One of the operating assumptions at UVA, that I’m not sure we need to follow, was that online courses would, as nearly as possible, duplicate the classroom experience:

• Real time (synchronous) online sessions therefore involved almost as many “classroom” hours as you would have on campus for a full semester course. We used a UVA adaptation of Blackboard Collaborate, incorporating most of the activities that would be expected in a traditional classroom session, except that lectures were brief and infrequent. Student presentations went very well (there were 12-15 students in the class), as they quickly learned how to show power point presentations on the white board and link to video material from the web. I did learn that animations embedded in power point presentations didn’t transfer to the white board, and electing the “show desktop” option in order to maintain those features meant being unable to see student chat during the presentation, so I decided the animations could be sacrificed. Another tip: During one class session my mike shorted out, and it was only by noticing distressed comments in the chat box that I realized I wasn’t being heard, so do remember to monitor the chat box during Blackboard presentations.
• Virtual office hours enabled students to “drop in” at posted hours – and I was surprised to find students using those hours more readily than students use my real office hours on campus! I’m looking at using that model, but with my office connection using Google Talk rather than Blackboard.
• Quizzes were posted on Blackboard, as well as the usual discussion boards. Live links to video material were also provided.
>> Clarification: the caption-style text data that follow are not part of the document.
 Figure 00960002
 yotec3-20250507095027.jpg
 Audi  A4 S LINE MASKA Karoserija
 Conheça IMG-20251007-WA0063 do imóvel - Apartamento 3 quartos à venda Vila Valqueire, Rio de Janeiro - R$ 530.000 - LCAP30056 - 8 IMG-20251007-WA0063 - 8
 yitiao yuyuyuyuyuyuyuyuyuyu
One feature I found especially helpful for students was a “Lessons” page (part of UVA’s modification of Blackboard), where topics, tests, and resources materials were listed in a weekly calendar format with live links to all the related materials (tests, video materials, discussion boards etc.) for that week. This feature enabled students to quickly see what material should be completed in any given week. There were sometimes glitches, where links were broken and had to be reestablished, but overall students found it a helpful tool. The tests I created sometimes had problems with the automatic grading, especially when I used multiple choice items, but short answer questions worked well.
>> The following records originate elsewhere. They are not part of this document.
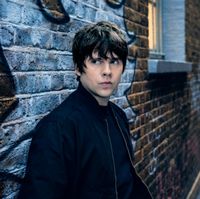 Jake Bugg - Oblivious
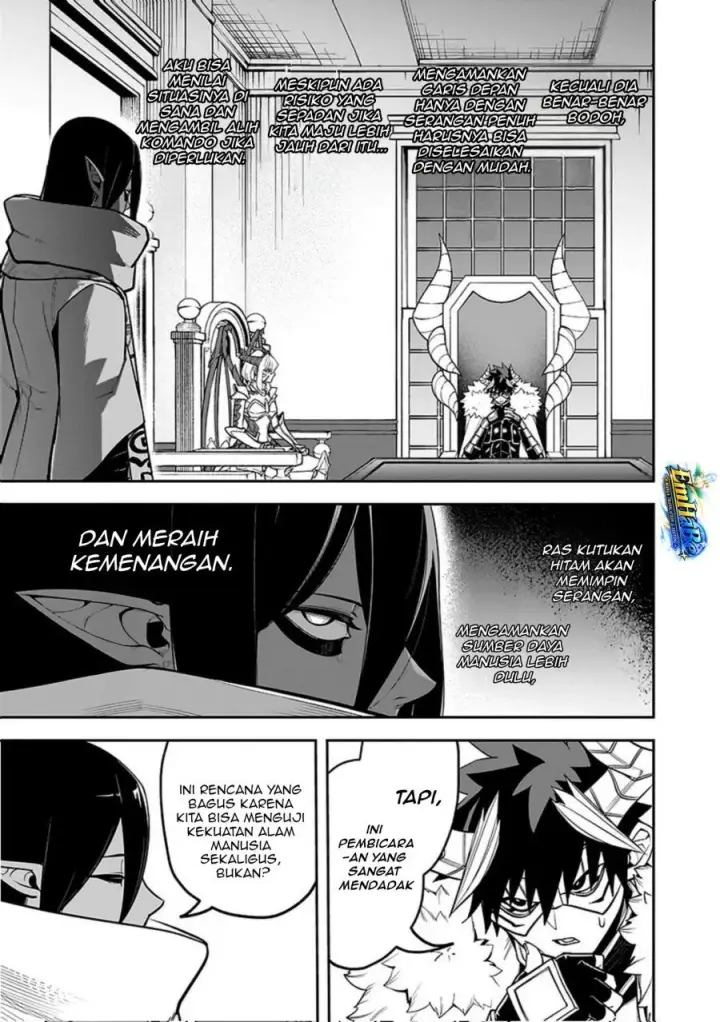 image-komik-saitei-chingin-no-maou-rekidai-saikyou-no-maougun-sono-ashi-o-hipparu-no-ga-oshigoto-desu-chapter-7-9/38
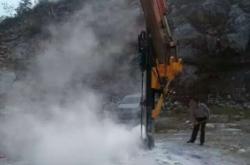 赤峰鉆孔機租賃電話地址查詢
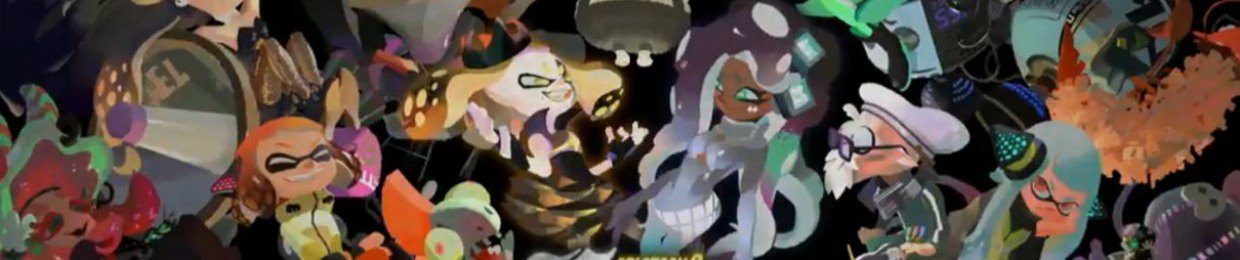 MARIE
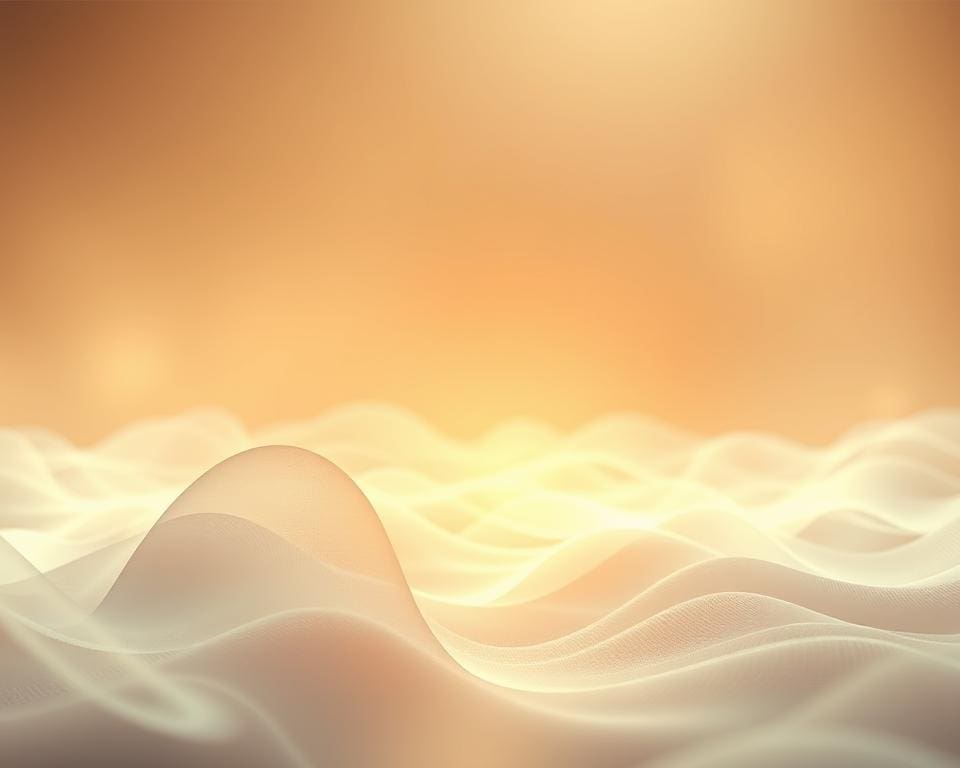 Wat als jouw homepage zou kunnen ademen als een levend wezen?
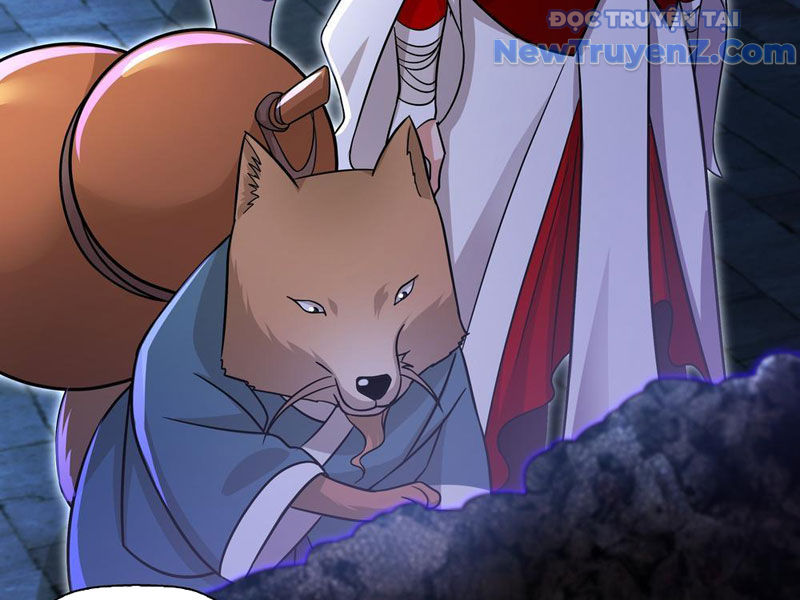 Đấu Khúc Thiên Hạ Chapter 6 65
I don’t think the model of having an online “virtual classroom” synchronous session for every traditional class session is necessarily the most effective model for us. However I do think that as group versions of Baldwin Online and Adult Programs courses often go unfilled, an alternative whereby classes meet online (rather than face to face) 4-6 times a semester might attract students who would like to have some interaction with fellow students but hesitate to sign up for group sessions due to considerations of transportation, child care etc..
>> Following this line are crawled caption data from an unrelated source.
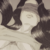 :iconbrainjizz:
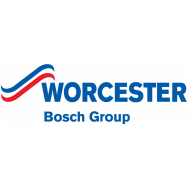 Worcester Bosch - A10825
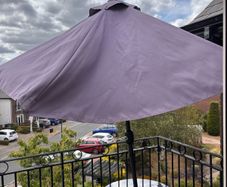 Parasol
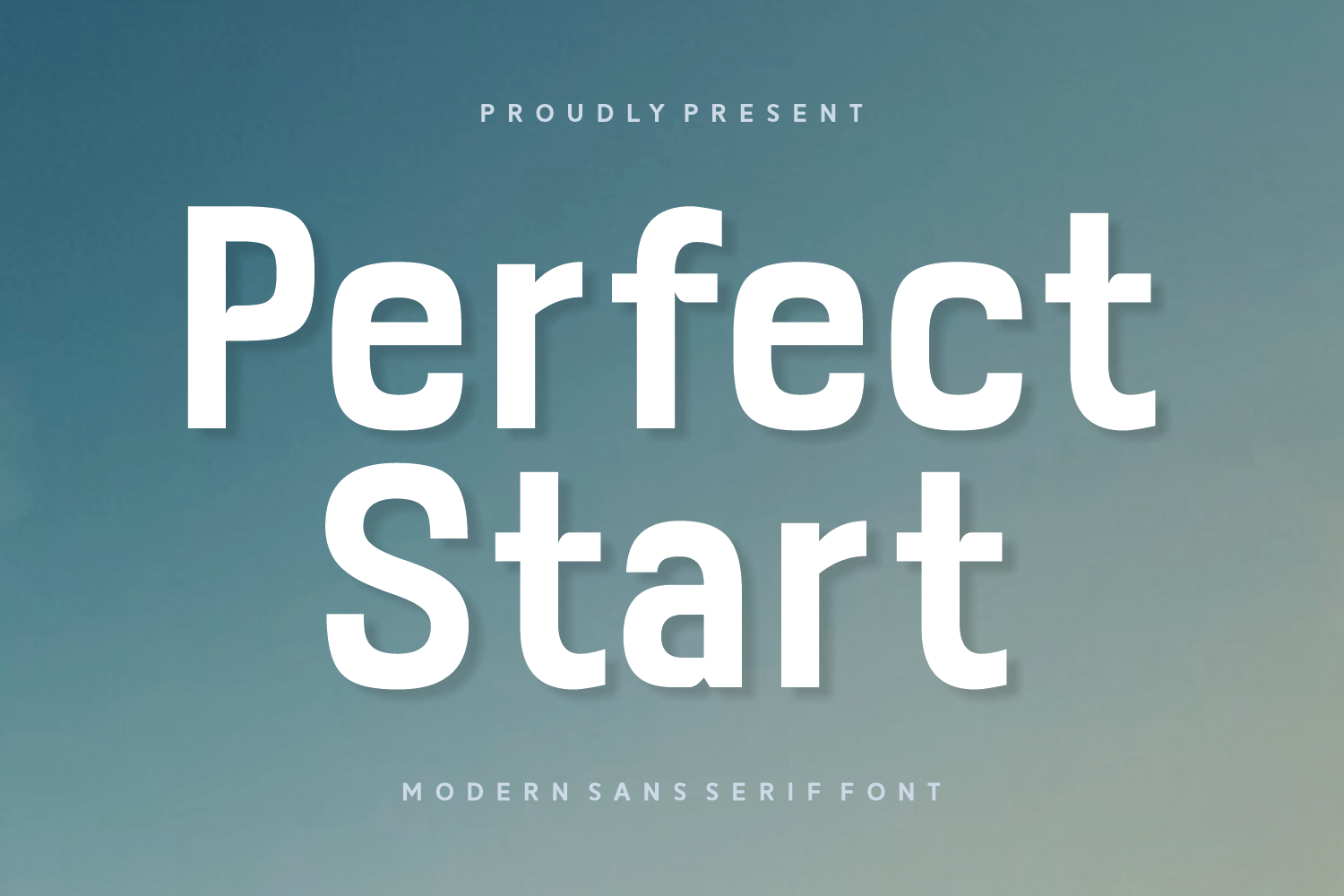 Perfect Start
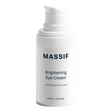 Massif Brightening Eye Cream øyekrem 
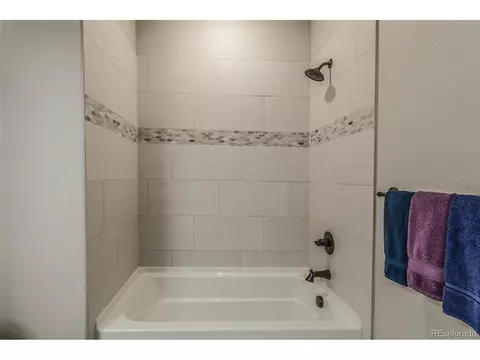 6582 Crystal Downs Dr #203, Windsor, CO 80550 photo 25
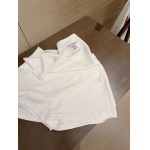 2026年10月10日入荷秋冬新作Chanel上下女性用ファッション/誕生日プレゼント/贈り物 can工場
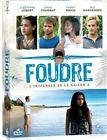 Foudre - saison 3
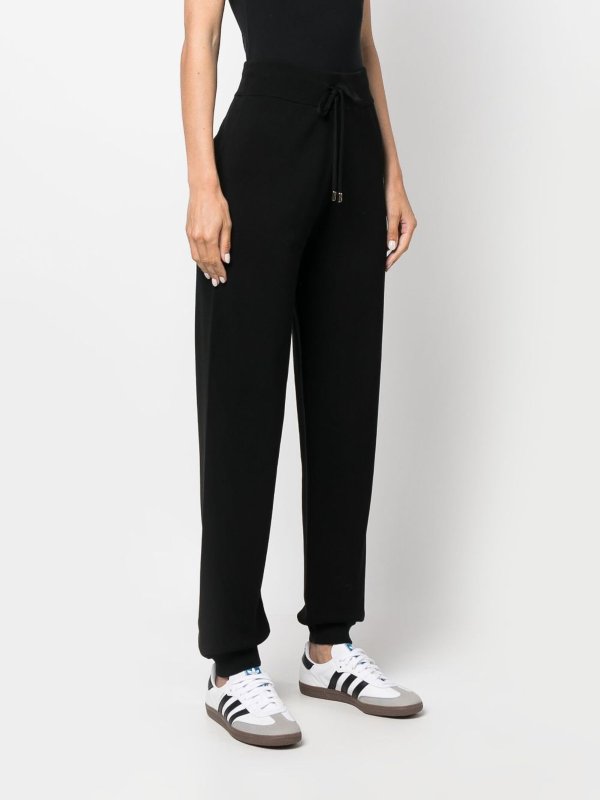 ショートパンツ - Cobra shop online: Pinko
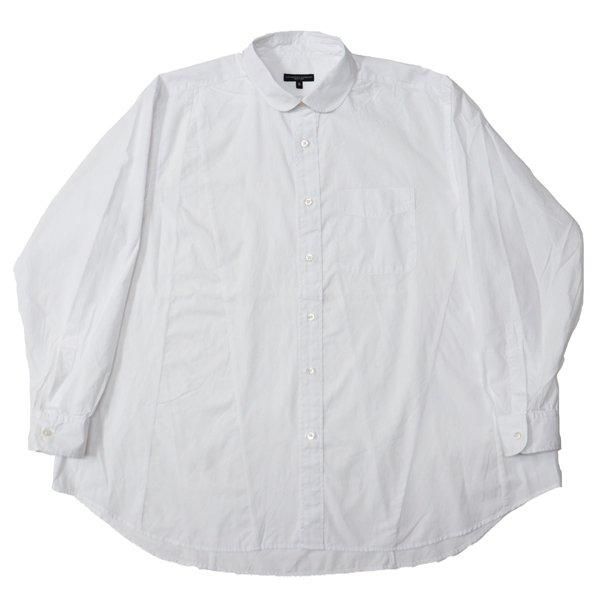 ENGINEERED GARMENTS(エンジニアードガーメンツ) ENGINEERED GARMENTS(エンジニアードガーメンツ)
Beverly and Reid are available to help by consulting on various methods of providing synchronous class sessions or online office hours for your courses.

About the Committee:
The Instructional Technology Committee is an ad-hoc faculty committee made up of representatives from the faculty and the Instructional Technology staff at Mary Baldwin. The Current Committee is:

Ken Beals
Carol Creager
Doris Dodson
Ben Herz
Bob Klonoski
Chandra Mason
Pat Murphy
Reid Oechslin
Rachel Potter
Beverly Riddell
Laura van Assendelft

The charter of the committee is to:
Provide a forum for input to the Instructional Technology staff on the relative value of technological improvements from a pedagogical perspective.
Be a champion and example for technology enhanced teaching within their schools
Try out new technologies that seem promising
Develop and share best practices & rubrics for technology enhanced teaching
Recommend equipment and management for mixed use (instructional and non-instructional) space
This committee meets as necessary.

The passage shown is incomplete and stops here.